Recording industry officials have brought

forth new evidence in their attempt to prove that Napster, the

Internet music-swapping service, has cut into their business.

Shipments of CD singles sank by 39 percent last year, according to data released by the Recording Industry Association of America.

“Napster hurt record sales,” said RIAA president Hilary Rosen. In particular, Rosen pointed to the drop in the sales of singles, once the format that fueled the music industry, as evidence of Napster’s affect.

The industry released the figures after a federal court ruled this month that the service helped users to violate music copyright laws. Financial penalties and an injunction have placed the future of the popular service in question.

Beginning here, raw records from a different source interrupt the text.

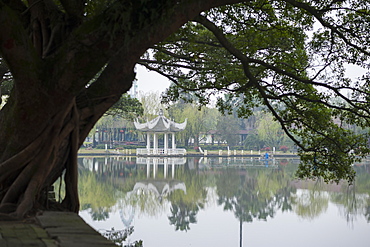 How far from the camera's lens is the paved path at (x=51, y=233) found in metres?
2.65

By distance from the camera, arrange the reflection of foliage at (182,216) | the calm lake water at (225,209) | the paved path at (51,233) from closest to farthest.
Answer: the paved path at (51,233), the calm lake water at (225,209), the reflection of foliage at (182,216)

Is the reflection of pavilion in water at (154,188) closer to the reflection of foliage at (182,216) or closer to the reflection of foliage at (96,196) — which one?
the reflection of foliage at (96,196)

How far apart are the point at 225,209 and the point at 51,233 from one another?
36.4ft

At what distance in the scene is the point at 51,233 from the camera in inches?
113

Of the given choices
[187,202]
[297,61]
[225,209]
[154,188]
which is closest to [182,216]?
[225,209]

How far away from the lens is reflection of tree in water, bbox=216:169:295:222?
13680 mm

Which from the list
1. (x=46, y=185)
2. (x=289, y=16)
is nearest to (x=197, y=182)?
(x=289, y=16)

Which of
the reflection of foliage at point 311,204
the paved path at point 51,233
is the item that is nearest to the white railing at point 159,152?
the reflection of foliage at point 311,204

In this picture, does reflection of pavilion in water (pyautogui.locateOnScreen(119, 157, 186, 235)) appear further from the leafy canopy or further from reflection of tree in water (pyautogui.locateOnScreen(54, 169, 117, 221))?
the leafy canopy

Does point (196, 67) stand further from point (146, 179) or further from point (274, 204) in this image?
point (146, 179)

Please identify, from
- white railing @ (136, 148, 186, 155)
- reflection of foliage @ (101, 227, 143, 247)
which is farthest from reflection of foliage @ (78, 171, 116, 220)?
white railing @ (136, 148, 186, 155)

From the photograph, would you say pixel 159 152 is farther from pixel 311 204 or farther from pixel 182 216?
pixel 182 216

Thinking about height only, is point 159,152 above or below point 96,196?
above

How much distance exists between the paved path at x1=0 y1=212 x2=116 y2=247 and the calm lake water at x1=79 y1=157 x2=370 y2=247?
19.4 ft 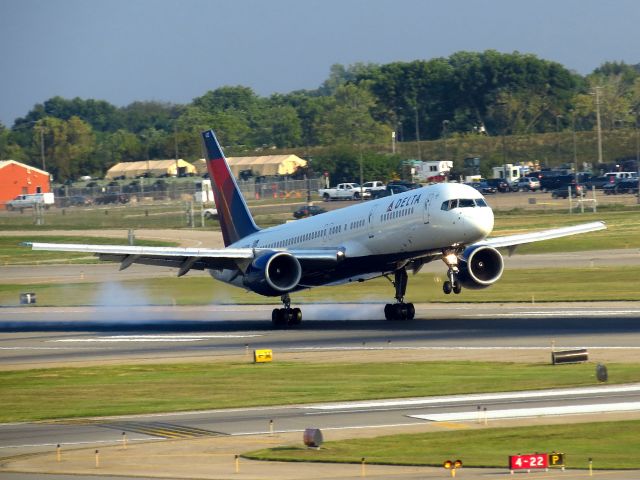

Napster chief executive Hank Barry said the association is twisting the data to support the recording industry’s claim that they have suffered “irreparable harm” at the hands of Napster users.

“In order to argue we’ve done irreparable harm, it would be great if there were some irreparable harm to show,” he said. “We haven’t seen a credible survey yet that suggests Napster is hurting CD sales.”

Last week, music executives shook off Napster’s offer to settle a copyright infringement lawsuit, saying it didn’t offer a viable business model and failed to address concerns over the security of online music.

Under the proposal, Napster offered $150 million annually for five years to Sony, Warner, BMG, EMI and Universal. An additional $50 million would go to independent labels in each of those five years. The money would come from a fee-based service that Napster would like to launch if given approval from the record companies to use their songs.

Record industry executives called Napster’s offer inadequate for an industry with annual revenues of $40 billion.

Same Old Song

Some experts trace the drop in the sale of singles back to the record companies themselves. Industry watchers say that record companies have cut production of an unprofitable product that no longer serves the needs of the industry.

Singles, a mainstay of the industry in the 1950s and '60s, have fallen out of favor as a tool to inflate sales figures and influence radio programming, said Roy Lott, president of EMI Group’s Capitol label. Even so, Napster is the “prime culprit” for the drop in sales, he said.

Industry analysts said the drop in sales can be attributed to a number of factors, including economic factors and a weak year for music releases.

“Napster alone doesn’t seem like a fair alibi,” said Michael Nathanson, a Wall Street analyst with Sanford C. Bernstein & Co. “It’s a combination of things. Softness in consumer spending. The hit titles were for such a narrow [audience] that it was a very thin year, and lastly, the Napster factor. You can’t put your finger on it.”

“To be honest, it wasn’t a great music year,” said Andreas Schmidt, chief of the e-commerce group at Bertelsmann, which has a financial stake in Napster. “There were some isolated events, but we didn’t put that much good stuff out.”